Sunday, June 20, 2010

Finances

You know what doesn't make sense? The way God provides.

The other day I realized I needed to purchase the front half of the tickets for getting to Cordoba. It's quite a journey when I need to go to Amsterdam first for a conference (though I suppose meeting up with NYC friends and then spending a week with the parents overseas also adds to it). Any way, what I'm trying to say is it isn't cheap.

Well, I've been praying over this transaction for awhile. I've been watching all the airline prices as they steadily drop, so that I can get the best deal. Thankfully with one generous gift from a church family, as well as some reimbursed purchases from the Denver Mission Trip, I thought that the time to buy was soon.

But it was a funny feeling. I just woke up with a compelling need to buy the plane tickets. I can't really explain it, but prayed a bit more and then went to double check that I had the funds for the purchase.

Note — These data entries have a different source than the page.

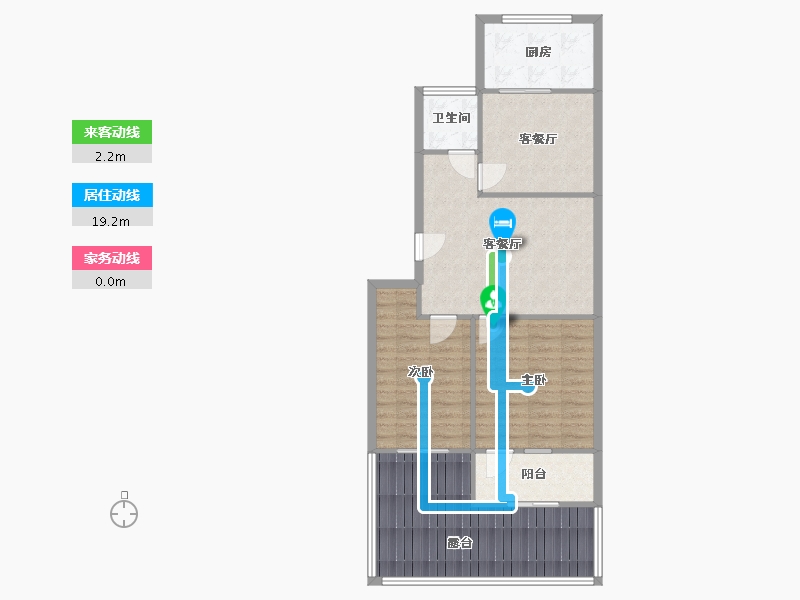 山东省-济南市-南全福老东区-84.30-户型库-动静线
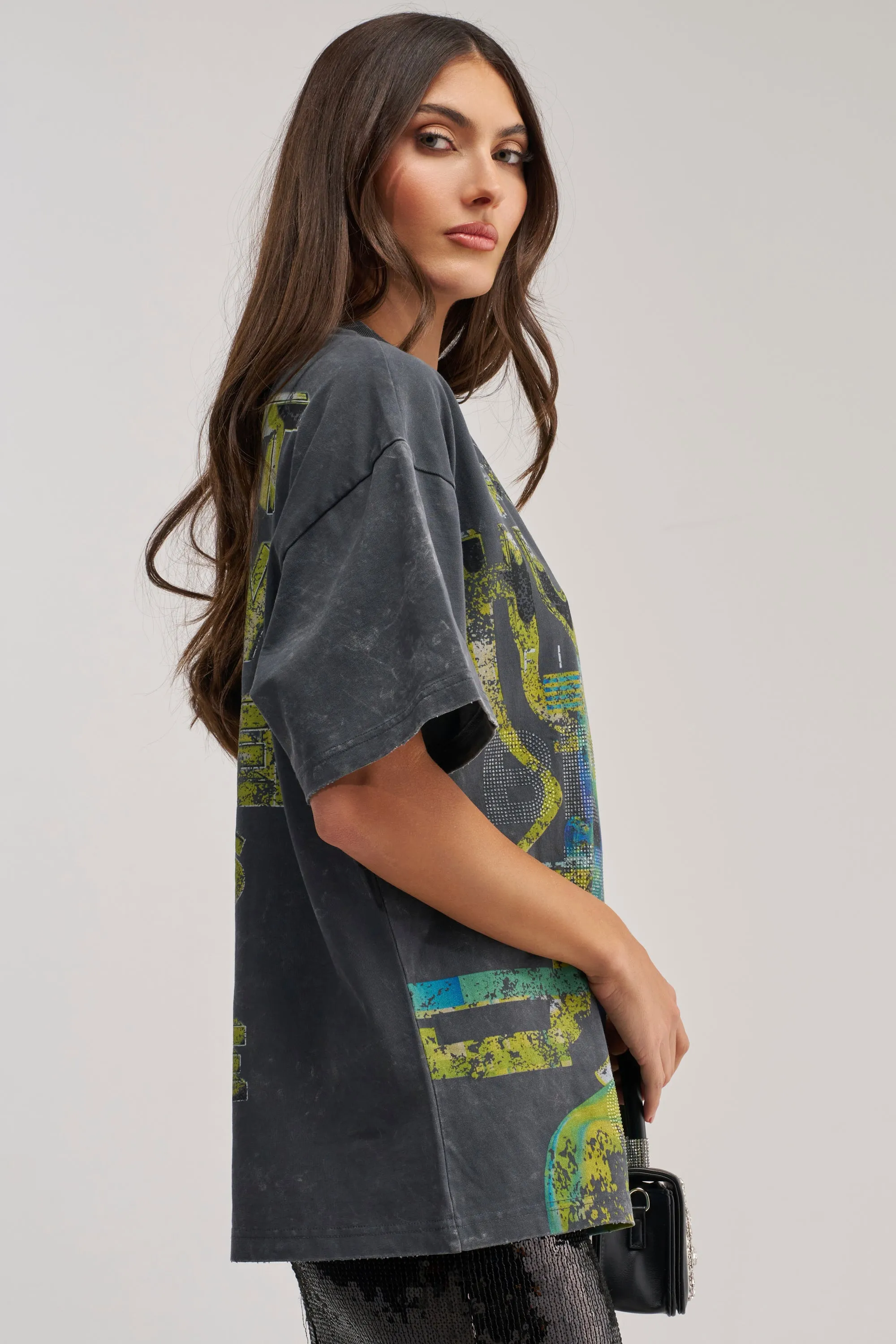 BETTER DAYS TO COME OVERSIZED GRAPHIC TEE sold by AKIRA product image thumbnail 4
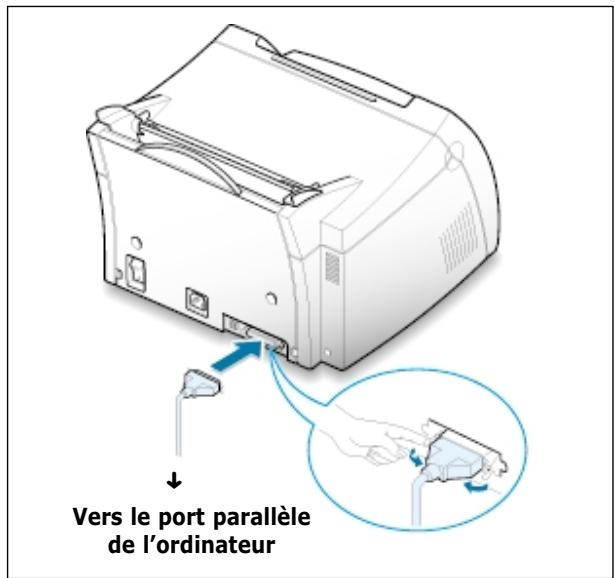 SAMSUNG ML-1200 - Connexion à l'ordinateur à l'aide d'un cable parallele (Uniquement ML-1210) - 1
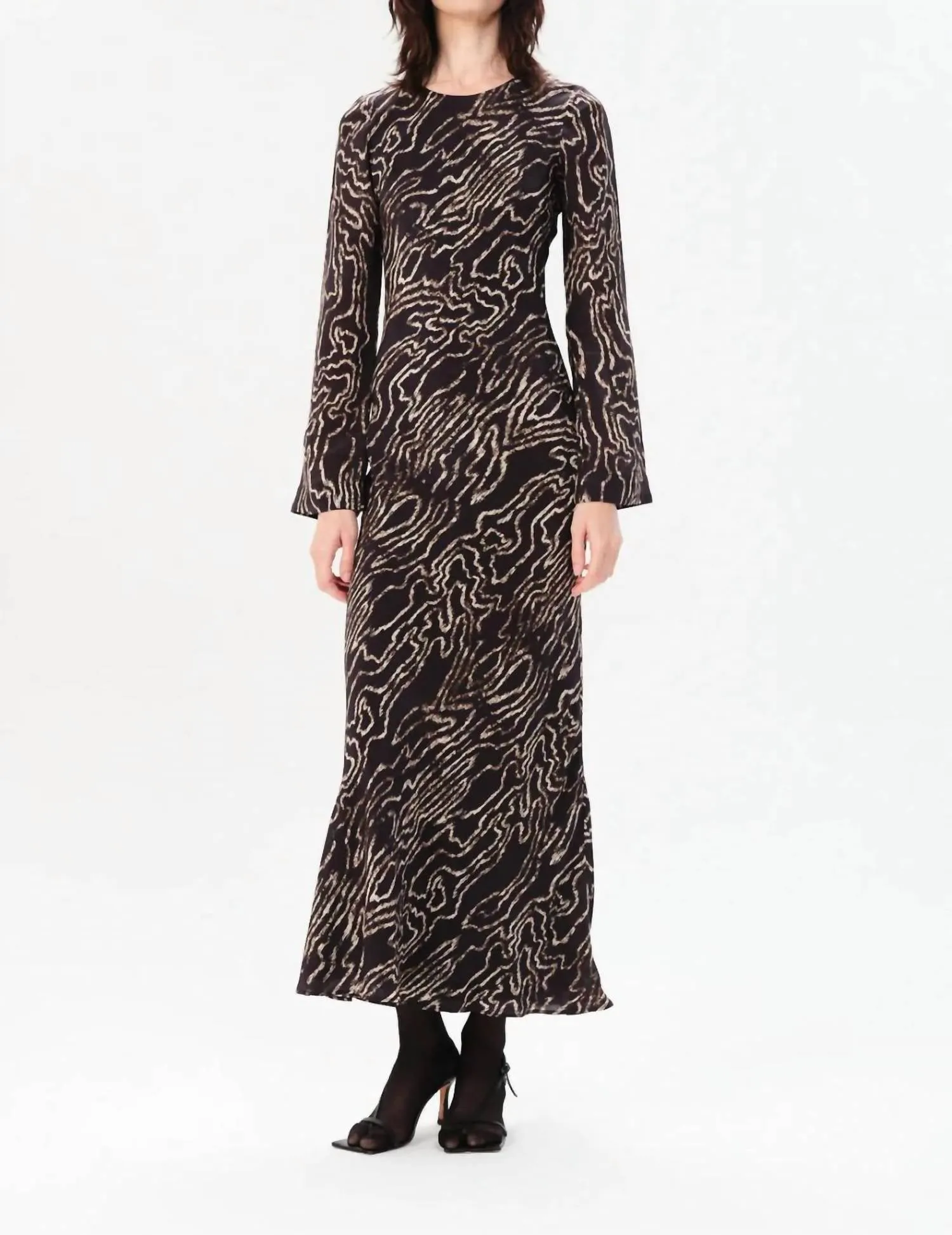Alvarez Sara Midi Dress In Dark Brown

If I didn't, then I had planned to take some out from savings for buffer. No big deal, except that it meant I would have to wait a couple more days for the transfer to come through.

Only, what did I find? Another generous gift! It wasn't from family, but it was from "family" if you catch my drift. And here's the kicker: the cost of the plane tickets were completely covered by this deposit!! Can you believe that? I was astounded and extremely grateful.

Because even in the midst of knowing you're supposed to be doing something, it's helpful to be encouraged along the way. Opposition is sure to come (and in some ways, has), but there are just those moments where you know what you're doing is right. Also, hard to explain, but the book of Nehemiah has been my point of reference.

In another small way, I had been given a cash gift which I used for gas and food with friends since I've gotten here. I just ran out of that cash, only to be given the exact same amount by another family friend.

Now, there's a point at which I wonder if I'm supposed to take this money. I'm always thankful, and I try not to take advantage of the givers, nor do I like spending the money unwisely.. but at some point does it become too much?

I think of a couple things. Of a Christian woman who felt called to walk across America. She had wanted to raise support for her journey, but the money didn't come. Compelled to go on any way, she promised God that she wouldn't look at her checking account during the entire walk. She would spend the night at churches and have plenty of conversations with folks, asking them to support, but never wanting to know how much she was given. It also wasn't her priority. Her priority for the walk was praying and telling others about Jesus. When her and her mom reviewed the finances for that summer, over $10,000 had gone in and out of the account.

I think also of how much I want to give back. But I don't have anything, other than my time, to give. And I try to make sure my motivation behind volunteer work, or things of that nature are not done for attention, but because I want to remember that God first gave his time and attention and love to me.

I'm hardly perfect with my motivations, but I think God's changing me. I'm looking forward to the times when I will get to support others even more, though I have to realize it probably won't be as much financially. It's encouraging to remember the gift of the widow in Luke 21.